What you should do:
From the line containing "May include: A" through the last line of the data, both ends included, write out every line exactly; omit the pictures.

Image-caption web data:
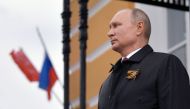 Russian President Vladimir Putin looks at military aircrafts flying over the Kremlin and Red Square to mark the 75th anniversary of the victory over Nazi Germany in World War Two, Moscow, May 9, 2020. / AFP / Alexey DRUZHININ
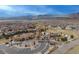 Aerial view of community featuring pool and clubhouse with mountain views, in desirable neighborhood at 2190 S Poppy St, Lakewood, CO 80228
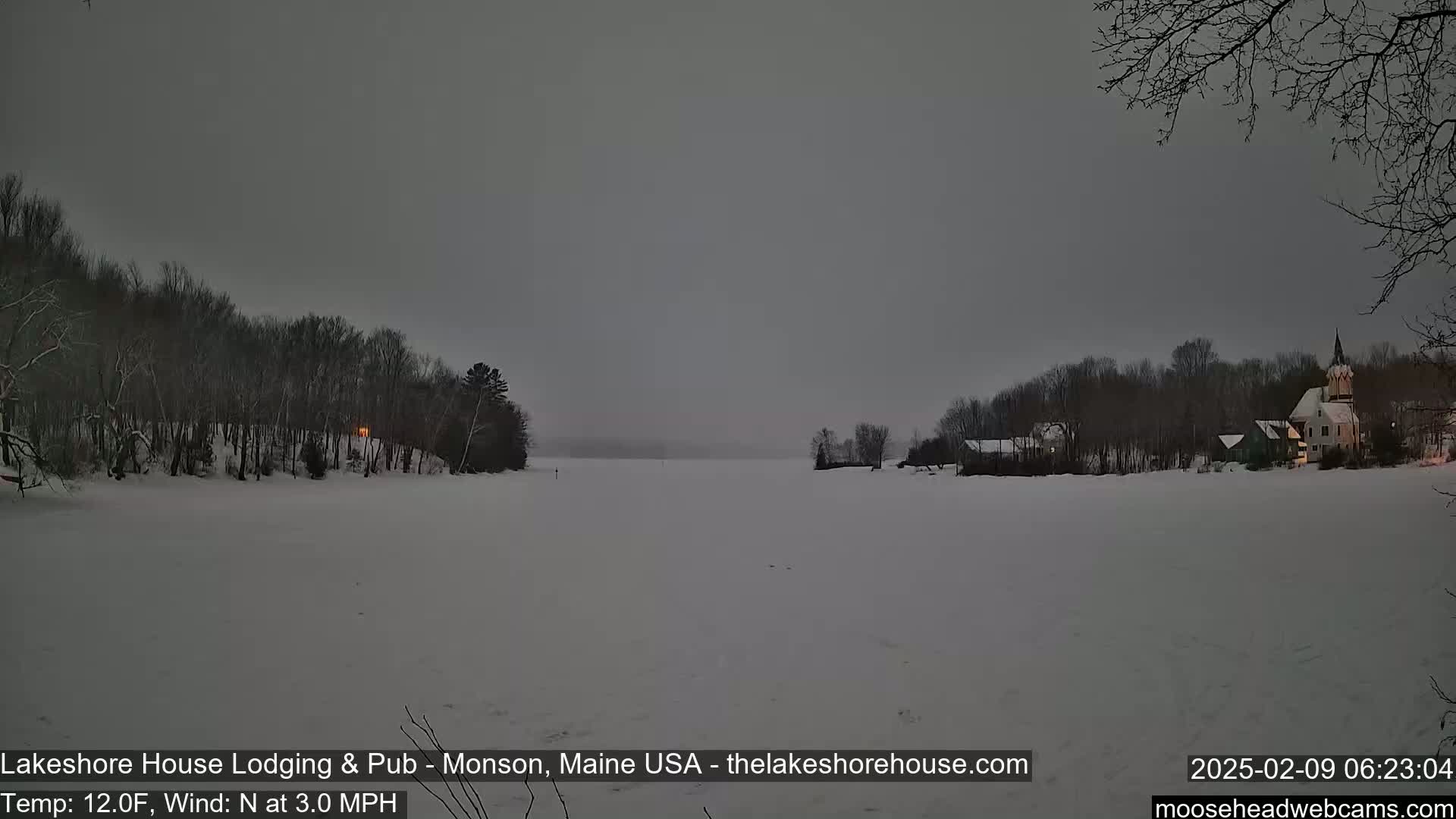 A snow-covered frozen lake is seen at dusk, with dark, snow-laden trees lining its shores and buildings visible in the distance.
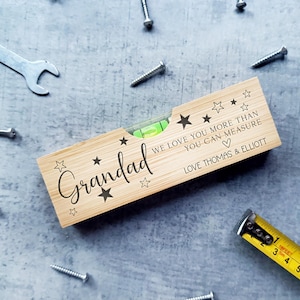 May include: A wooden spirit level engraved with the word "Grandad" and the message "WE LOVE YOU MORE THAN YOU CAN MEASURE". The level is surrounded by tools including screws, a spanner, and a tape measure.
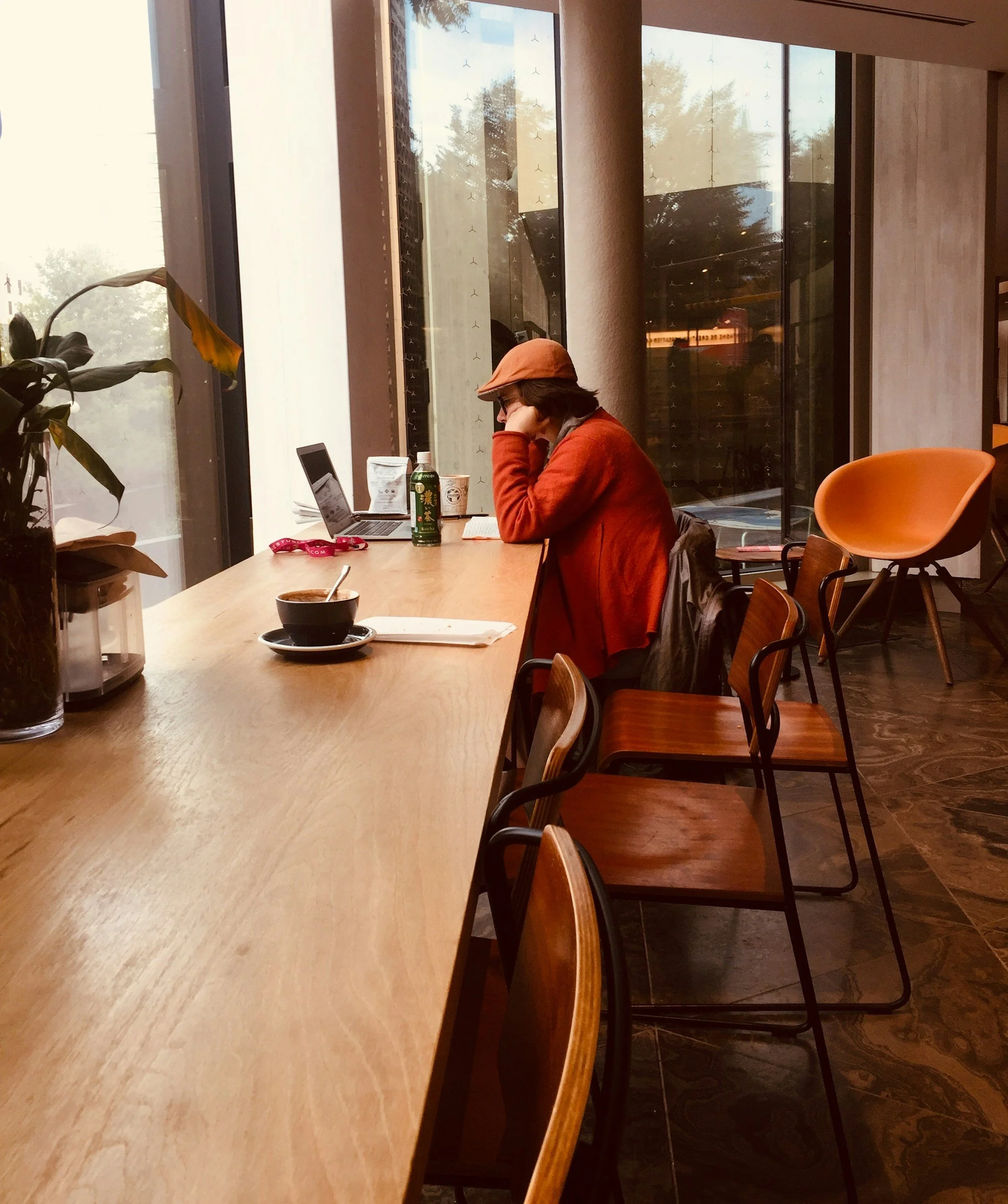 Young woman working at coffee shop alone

Answer box:
 May include: A wooden spirit level engraved with the word "Grandad" and the message "WE LOVE YOU MORE THAN YOU CAN MEASURE". The level is surrounded by tools including screws, a spanner, and a tape measure.
 Young woman working at coffee shop alone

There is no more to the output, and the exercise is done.